*GIVEN DATA*:
_____

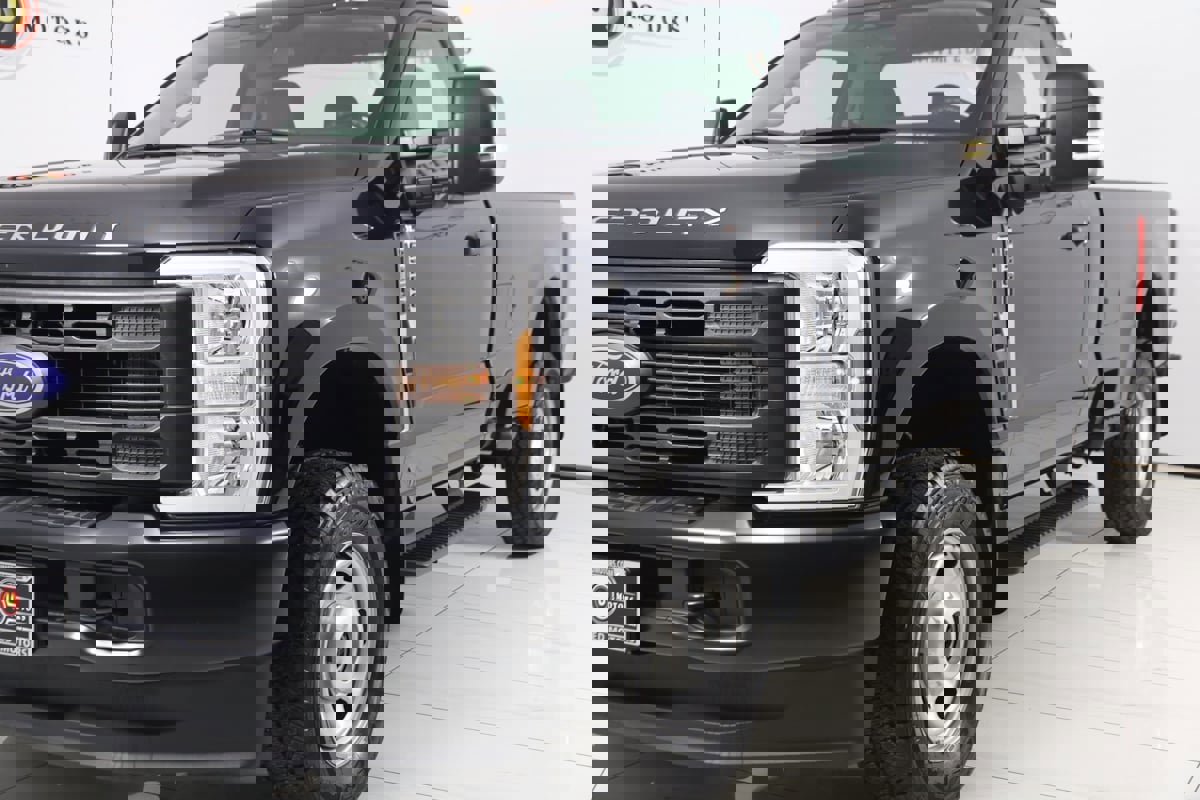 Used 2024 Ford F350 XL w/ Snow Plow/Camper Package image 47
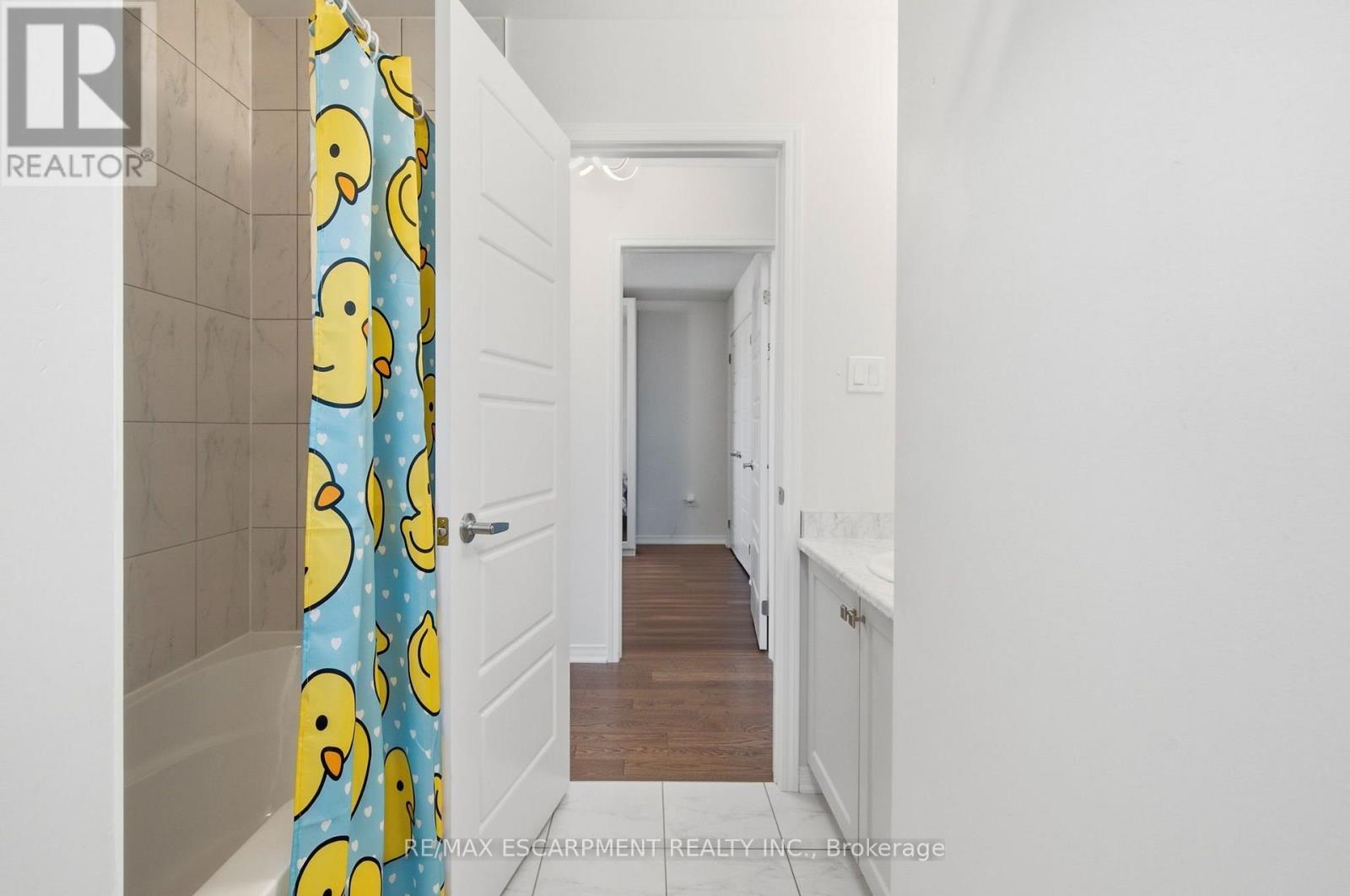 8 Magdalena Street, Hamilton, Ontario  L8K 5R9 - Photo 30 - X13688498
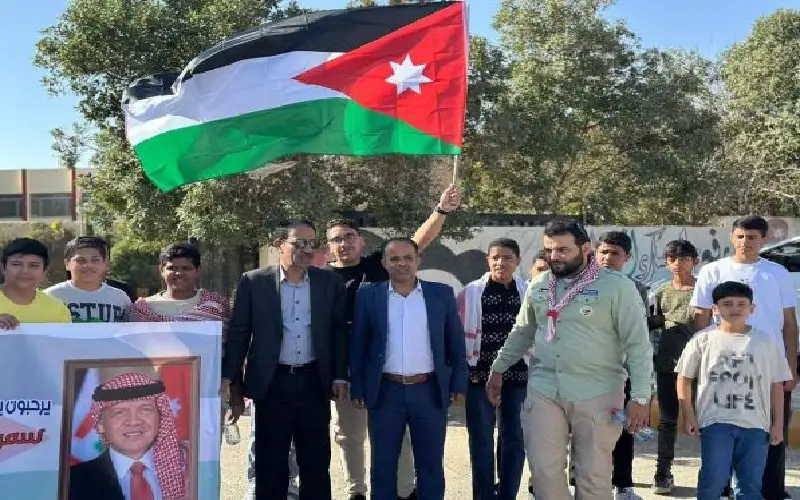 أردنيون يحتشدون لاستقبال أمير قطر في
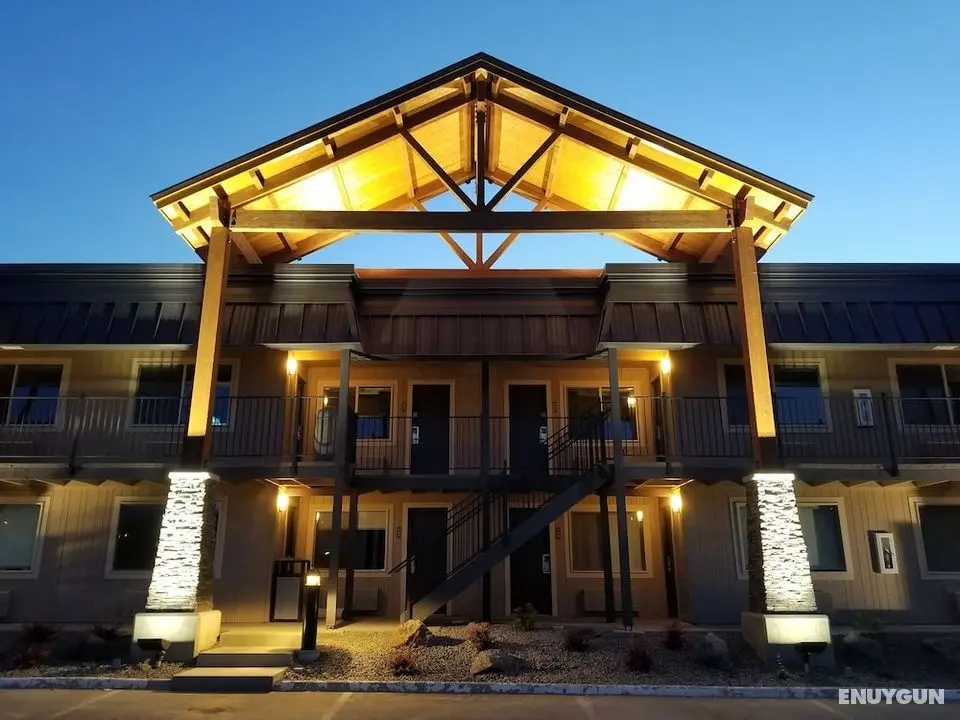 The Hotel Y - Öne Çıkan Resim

_____

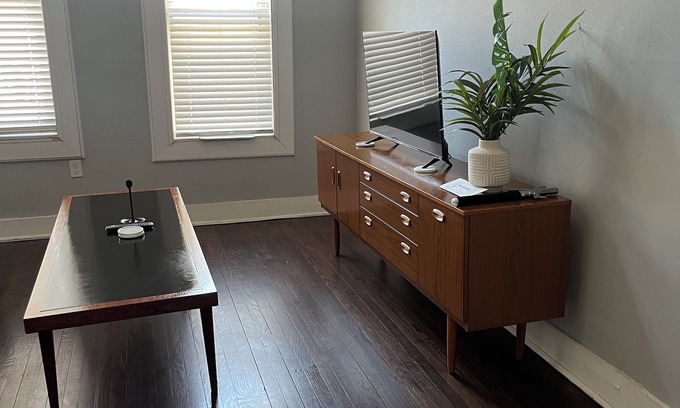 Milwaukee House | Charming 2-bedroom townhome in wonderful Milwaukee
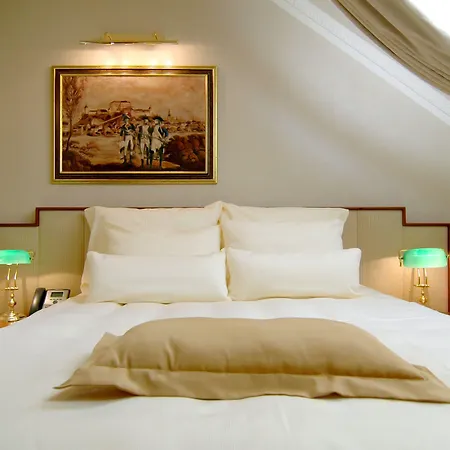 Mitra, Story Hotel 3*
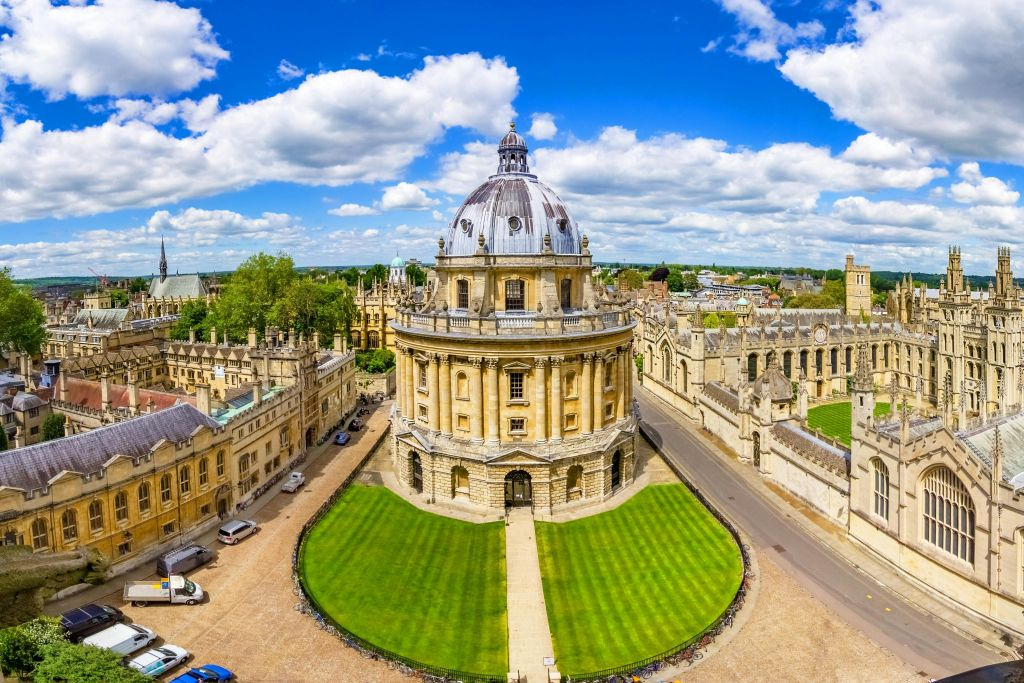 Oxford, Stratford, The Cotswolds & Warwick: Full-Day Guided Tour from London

_____

*TASK DIRECTIONS*: Transcribe, exactly and without pictures, everything in the data from the line with "Milwaukee House |" down to the line with "Oxford, Stratford, The", both included.

*ANSWER TO THE EXERCISE*:
 Milwaukee House | Charming 2-bedroom townhome in wonderful Milwaukee
 Mitra, Story Hotel 3*
 Oxford, Stratford, The Cotswolds & Warwick: Full-Day Guided Tour from London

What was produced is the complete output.